Write the data out again so that it matches word for word.

╭─ Records for processing

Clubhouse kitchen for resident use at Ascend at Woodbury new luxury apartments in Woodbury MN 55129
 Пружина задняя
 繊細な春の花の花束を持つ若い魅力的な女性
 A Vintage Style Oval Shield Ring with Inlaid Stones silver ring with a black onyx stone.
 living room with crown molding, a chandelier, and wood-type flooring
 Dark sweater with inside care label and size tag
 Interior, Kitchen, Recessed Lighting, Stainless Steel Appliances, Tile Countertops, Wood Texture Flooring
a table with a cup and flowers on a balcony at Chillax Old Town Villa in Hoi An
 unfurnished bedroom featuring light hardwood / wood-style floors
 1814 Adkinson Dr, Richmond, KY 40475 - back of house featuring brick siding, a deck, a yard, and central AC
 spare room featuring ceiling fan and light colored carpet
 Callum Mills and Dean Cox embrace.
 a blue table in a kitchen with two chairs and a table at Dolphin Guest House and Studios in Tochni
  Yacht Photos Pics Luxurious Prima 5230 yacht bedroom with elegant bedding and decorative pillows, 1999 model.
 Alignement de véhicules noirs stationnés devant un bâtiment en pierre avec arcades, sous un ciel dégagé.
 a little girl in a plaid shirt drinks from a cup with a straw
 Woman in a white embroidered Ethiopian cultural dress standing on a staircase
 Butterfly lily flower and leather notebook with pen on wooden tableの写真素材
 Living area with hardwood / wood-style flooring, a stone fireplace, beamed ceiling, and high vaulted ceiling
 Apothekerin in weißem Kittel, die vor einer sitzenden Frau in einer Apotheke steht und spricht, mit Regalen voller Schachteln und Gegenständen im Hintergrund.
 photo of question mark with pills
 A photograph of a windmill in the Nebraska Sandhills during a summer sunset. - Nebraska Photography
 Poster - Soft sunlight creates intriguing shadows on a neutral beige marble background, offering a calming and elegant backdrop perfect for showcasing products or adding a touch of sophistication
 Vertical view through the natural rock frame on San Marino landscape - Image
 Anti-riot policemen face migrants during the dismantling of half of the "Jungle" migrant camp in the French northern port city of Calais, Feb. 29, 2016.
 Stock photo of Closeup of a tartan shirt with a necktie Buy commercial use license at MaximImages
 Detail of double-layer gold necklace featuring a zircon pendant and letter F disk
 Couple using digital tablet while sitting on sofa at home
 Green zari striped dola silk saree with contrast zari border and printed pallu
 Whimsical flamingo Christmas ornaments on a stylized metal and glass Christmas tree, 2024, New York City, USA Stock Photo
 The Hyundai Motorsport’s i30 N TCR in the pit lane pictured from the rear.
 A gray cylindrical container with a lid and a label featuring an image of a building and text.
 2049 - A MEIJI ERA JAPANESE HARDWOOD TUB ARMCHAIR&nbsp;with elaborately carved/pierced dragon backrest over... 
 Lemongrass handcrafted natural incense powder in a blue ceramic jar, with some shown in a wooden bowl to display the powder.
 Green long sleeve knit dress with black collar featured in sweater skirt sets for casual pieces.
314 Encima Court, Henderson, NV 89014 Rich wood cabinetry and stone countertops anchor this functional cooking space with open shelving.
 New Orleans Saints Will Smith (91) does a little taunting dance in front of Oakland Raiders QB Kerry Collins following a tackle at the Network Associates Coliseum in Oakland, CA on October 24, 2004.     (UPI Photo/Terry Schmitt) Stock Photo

╰─

» **Task response**:
Clubhouse kitchen for resident use at Ascend at Woodbury new luxury apartments in Woodbury MN 55129
 Пружина задняя
 繊細な春の花の花束を持つ若い魅力的な女性
 A Vintage Style Oval Shield Ring with Inlaid Stones silver ring with a black onyx stone.
 living room with crown molding, a chandelier, and wood-type flooring
 Dark sweater with inside care label and size tag
 Interior, Kitchen, Recessed Lighting, Stainless Steel Appliances, Tile Countertops, Wood Texture Flooring
a table with a cup and flowers on a balcony at Chillax Old Town Villa in Hoi An
 unfurnished bedroom featuring light hardwood / wood-style floors
 1814 Adkinson Dr, Richmond, KY 40475 - back of house featuring brick siding, a deck, a yard, and central AC
 spare room featuring ceiling fan and light colored carpet
 Callum Mills and Dean Cox embrace.
 a blue table in a kitchen with two chairs and a table at Dolphin Guest House and Studios in Tochni
  Yacht Photos Pics Luxurious Prima 5230 yacht bedroom with elegant bedding and decorative pillows, 1999 model.
 Alignement de véhicules noirs stationnés devant un bâtiment en pierre avec arcades, sous un ciel dégagé.
 a little girl in a plaid shirt drinks from a cup with a straw
 Woman in a white embroidered Ethiopian cultural dress standing on a staircase
 Butterfly lily flower and leather notebook with pen on wooden tableの写真素材
 Living area with hardwood / wood-style flooring, a stone fireplace, beamed ceiling, and high vaulted ceiling
 Apothekerin in weißem Kittel, die vor einer sitzenden Frau in einer Apotheke steht und spricht, mit Regalen voller Schachteln und Gegenständen im Hintergrund.
 photo of question mark with pills
 A photograph of a windmill in the Nebraska Sandhills during a summer sunset. - Nebraska Photography
 Poster - Soft sunlight creates intriguing shadows on a neutral beige marble background, offering a calming and elegant backdrop perfect for showcasing products or adding a touch of sophistication
 Vertical view through the natural rock frame on San Marino landscape - Image
 Anti-riot policemen face migrants during the dismantling of half of the "Jungle" migrant camp in the French northern port city of Calais, Feb. 29, 2016.
 Stock photo of Closeup of a tartan shirt with a necktie Buy commercial use license at MaximImages
 Detail of double-layer gold necklace featuring a zircon pendant and letter F disk
 Couple using digital tablet while sitting on sofa at home
 Green zari striped dola silk saree with contrast zari border and printed pallu
 Whimsical flamingo Christmas ornaments on a stylized metal and glass Christmas tree, 2024, New York City, USA Stock Photo
 The Hyundai Motorsport’s i30 N TCR in the pit lane pictured from the rear.
 A gray cylindrical container with a lid and a label featuring an image of a building and text.
 2049 - A MEIJI ERA JAPANESE HARDWOOD TUB ARMCHAIR&nbsp;with elaborately carved/pierced dragon backrest over... 
 Lemongrass handcrafted natural incense powder in a blue ceramic jar, with some shown in a wooden bowl to display the powder.
 Green long sleeve knit dress with black collar featured in sweater skirt sets for casual pieces.
314 Encima Court, Henderson, NV 89014 Rich wood cabinetry and stone countertops anchor this functional cooking space with open shelving.
 New Orleans Saints Will Smith (91) does a little taunting dance in front of Oakland Raiders QB Kerry Collins following a tackle at the Network Associates Coliseum in Oakland, CA on October 24, 2004.     (UPI Photo/Terry Schmitt) Stock Photo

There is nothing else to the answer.